+++ SOURCE RECORDS +++

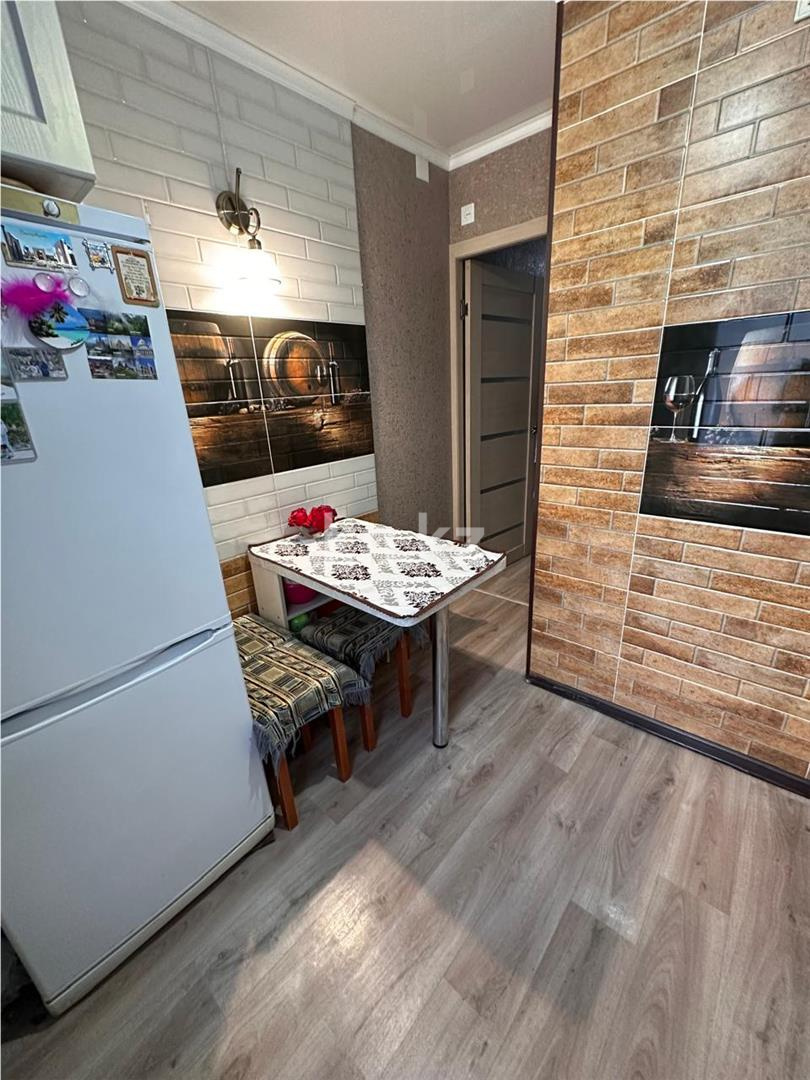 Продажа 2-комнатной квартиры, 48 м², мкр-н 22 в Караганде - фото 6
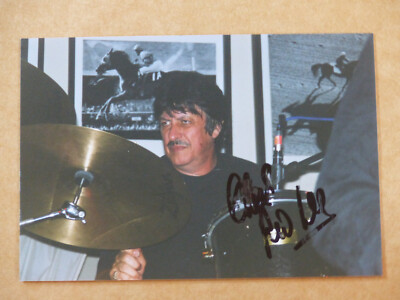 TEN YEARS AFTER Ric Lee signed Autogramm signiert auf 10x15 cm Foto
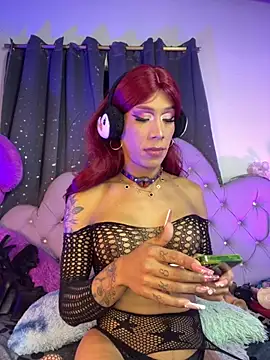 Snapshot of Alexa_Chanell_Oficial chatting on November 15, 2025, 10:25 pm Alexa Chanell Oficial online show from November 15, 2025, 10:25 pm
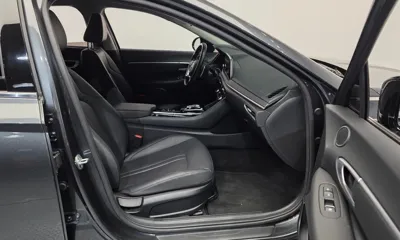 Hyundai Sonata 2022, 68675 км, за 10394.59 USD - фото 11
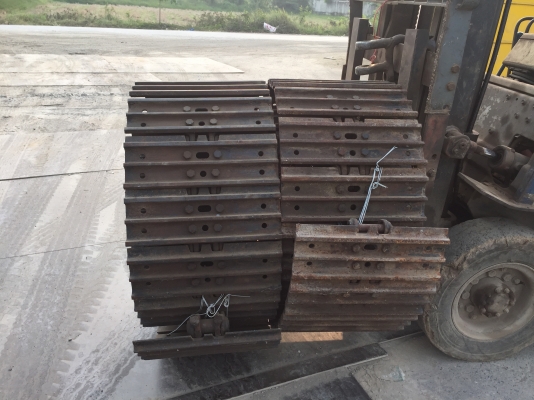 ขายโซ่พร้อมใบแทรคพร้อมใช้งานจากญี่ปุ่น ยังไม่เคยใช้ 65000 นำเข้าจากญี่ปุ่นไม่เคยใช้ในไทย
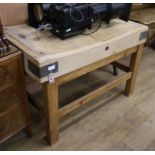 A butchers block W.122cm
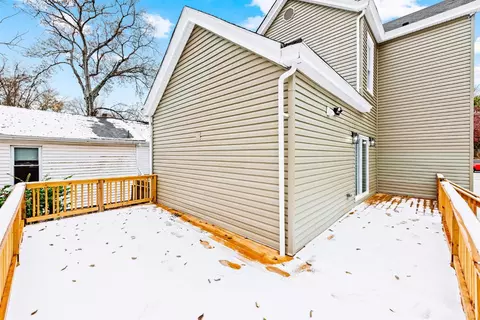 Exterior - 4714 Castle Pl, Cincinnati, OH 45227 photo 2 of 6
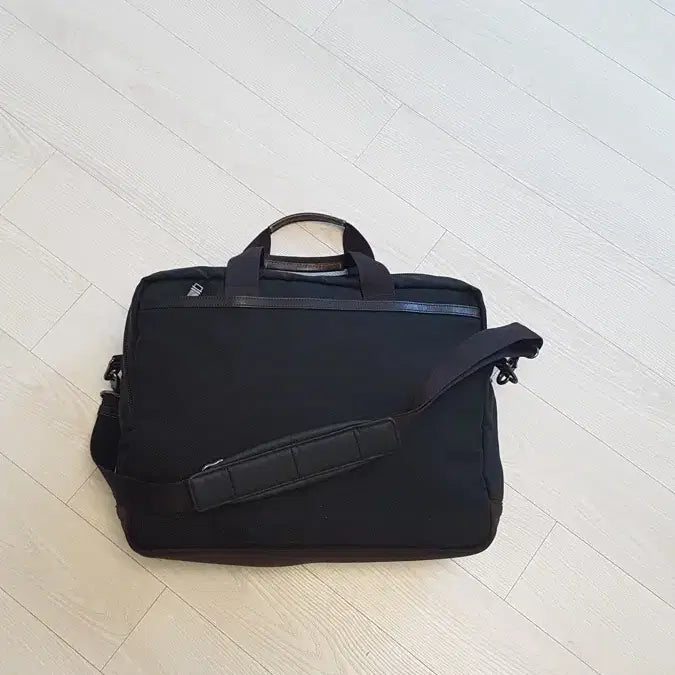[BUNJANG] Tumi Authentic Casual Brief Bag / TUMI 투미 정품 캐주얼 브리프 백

+++
+++ SOURCE RECORDS +++

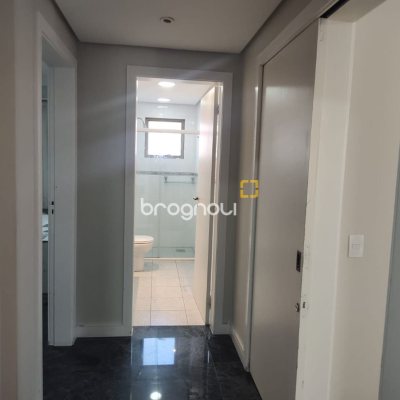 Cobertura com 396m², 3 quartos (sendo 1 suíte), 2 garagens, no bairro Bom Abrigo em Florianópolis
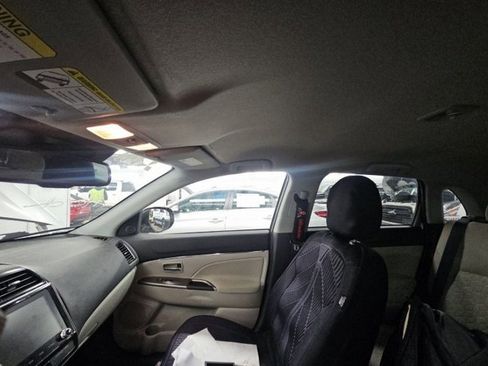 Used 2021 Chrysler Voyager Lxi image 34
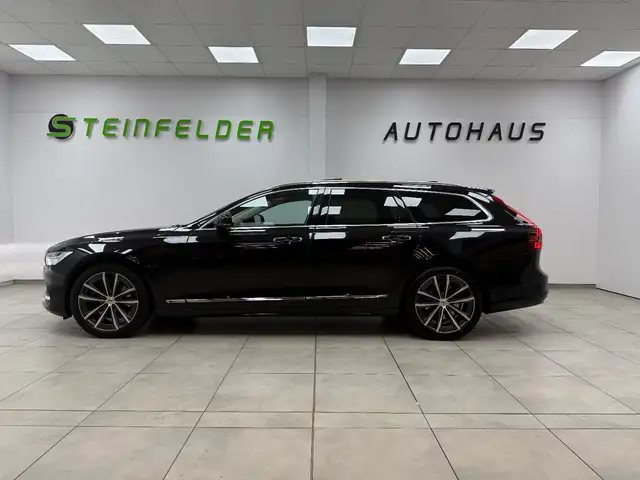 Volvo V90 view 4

+++
+++ SOURCE RECORDS +++

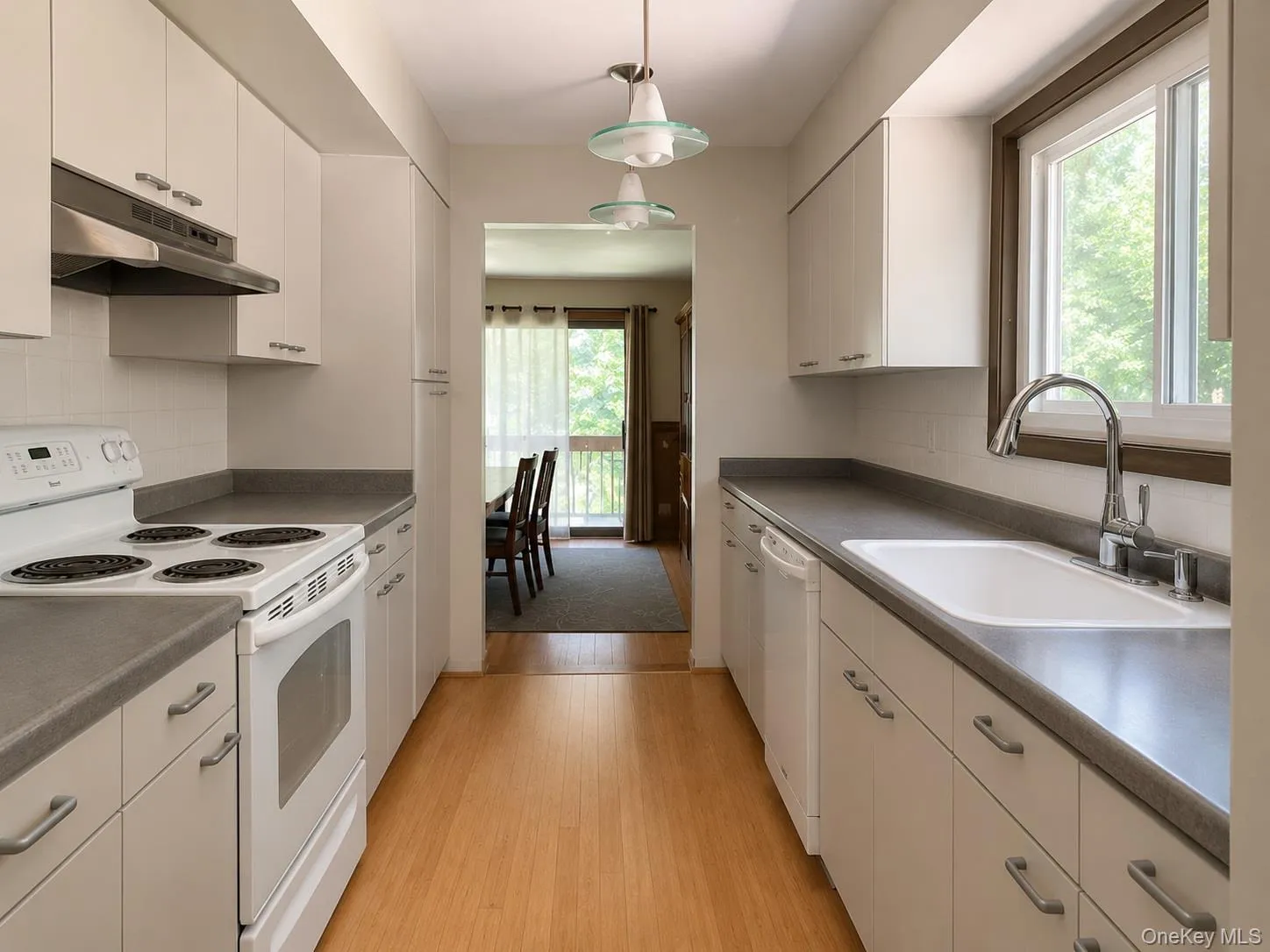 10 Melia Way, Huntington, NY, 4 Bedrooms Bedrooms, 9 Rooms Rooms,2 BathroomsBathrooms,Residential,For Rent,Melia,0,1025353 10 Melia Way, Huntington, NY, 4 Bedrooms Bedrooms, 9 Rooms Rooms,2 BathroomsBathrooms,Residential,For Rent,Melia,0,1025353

+++

→ TASK REQUIREMENTS: Between and including the line with "Exterior - 4714" and the line with "[BUNJANG] Tumi Authentic", repeat every line exactly as it appears above, with pictures left out.

→ ANSWER:
 Exterior - 4714 Castle Pl, Cincinnati, OH 45227 photo 2 of 6
[BUNJANG] Tumi Authentic Casual Brief Bag / TUMI 투미 정품 캐주얼 브리프 백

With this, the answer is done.